I’ve read snippets here & there about the death of Ghana’s President Atta Mills’ and several comments about how in his death, Ghana have lessons to teach the rest of Africa, including Nigeria, on the management of Presidential infirmity and mortality. I regrettably miss the point. That’s not because I have any sympathy for the egregiousness of the backroom of Nigeria’s late President Umaru Yar’Adua (UMYA) or the indignity to which they reduced a decent man in his dying days with their grasping mendacity.

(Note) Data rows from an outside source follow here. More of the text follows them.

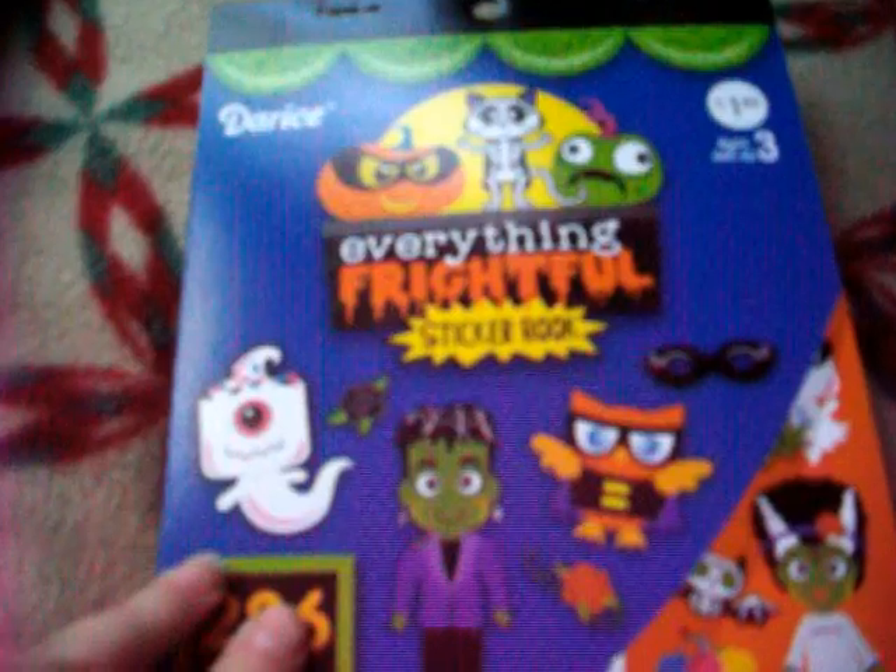This one is called Everything Frightful, and it has spiders and ghosts, and lots of sugar skull animals and people, and then some more sugar skull animals. It has the same thing again, but I like that it has different color roses.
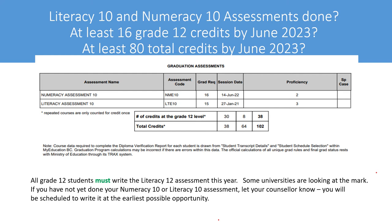Students must have completed their Numeracy 10 assessment and their Literacy 10 assessment. They will be scheduled for their Literacy 12 assessment during the same semester they have their English. If you have not done your Literacy 10 or Numeracy 10 assessment, let your counsellor know and you will be scheduled to write that at the earliest possible opportunity. Be aware that some universities are looking at these marks, so please take them very seriously and make sure you are prepared.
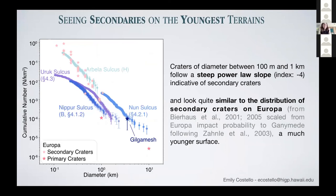Some other interesting things we were able to see: in the youngest terrains, I think we're seeing secondaries. For craters of diameter between 100 meters and one kilometer, they follow a really steep power-law slope of about negative four. When I plot them with the Bierhaus et al. 2001 crater counts from Europa, it's pretty startling how excellent the fit is — I've scaled the Bierhaus Europa secondary crater counts to the impact probability at Ganymede, and even unscaled it's startlingly similar to the Arbela Sulcus H crater counts. Also notably, a lot of these sulci appear correlated in age with the Gilgamesh impact basin.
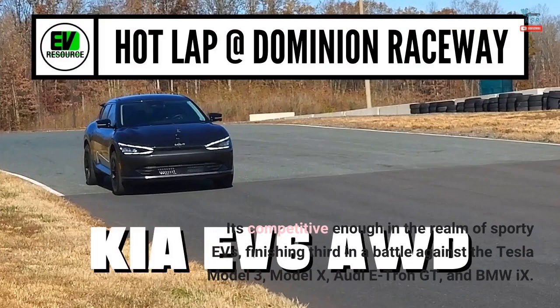It's competitive enough in the realm of sporty EVs, finishing third in a battle against the Tesla Model 3, Model X, Audi e-tron GT, and BMW iX.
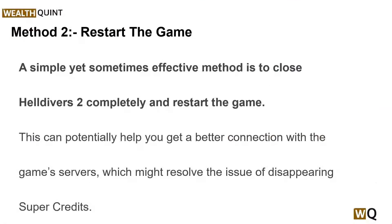This is a basic step but crucial to ensure that the purchase was processed correctly. Solution 2: restart the game. A simple yet sometimes effective method is to close Helldivers 2 completely and restart the game. This can potentially help you get a better connection with the game servers, which might solve the issue of disappearing super credits.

Let’s dispense with the niceties first. President Mills appeared to be a man of basic decency and modesty. He was a law teacher and he lived – even as President – with the meekness and simplicity that befits a teacher. The meek may not yet inherit the earth but I pray the Almighty shows mercy & kindness on his soul in the hereafter. He appeared to have earned both.
That said, the man reportedly died of metastasized throat cancer. Assuming that is correct, then it seems to me to fit tired & cowardly pattern of Presidential parsimony bordering on official mendacity on important issues that could determine the fate of countries. Pompidou & Mitterrand did it in France. Woodrow Wilson & Ronald Regan practised it across the Atlantic – feeding the people lies about the health of the President.
In Africa, when was the last time a President was “stepped down” because of ill-health?
You’ll have to go back to the coup by the much-hated General Zine Abdine Ben Ali in 1987 in Tunisia when, as Prime Minister, he transferred a clearly senile Habib Bourgiba to a Sanatorium in Monastir after the Old Man had given the country a disquisition on the state of his testicles as a national broadcast!
Look at most of the recent transitions going back to Houphouet Boigny nearly 20 years ago. Le Vieux in Abidjan was killed by senile dementia & cancer. In the end, he was resident for most of his last five years in a French Sanatorium. Eyadema Senior died of Cancer. Anyone who saw him by end of the last Millennium didn’t require any medical skills to know that Eyadema was quite unwell and hardly fit to hold any office. Bongo Senior was killed also by long metastasized cancer. He died a figure of great pity to those who knew him.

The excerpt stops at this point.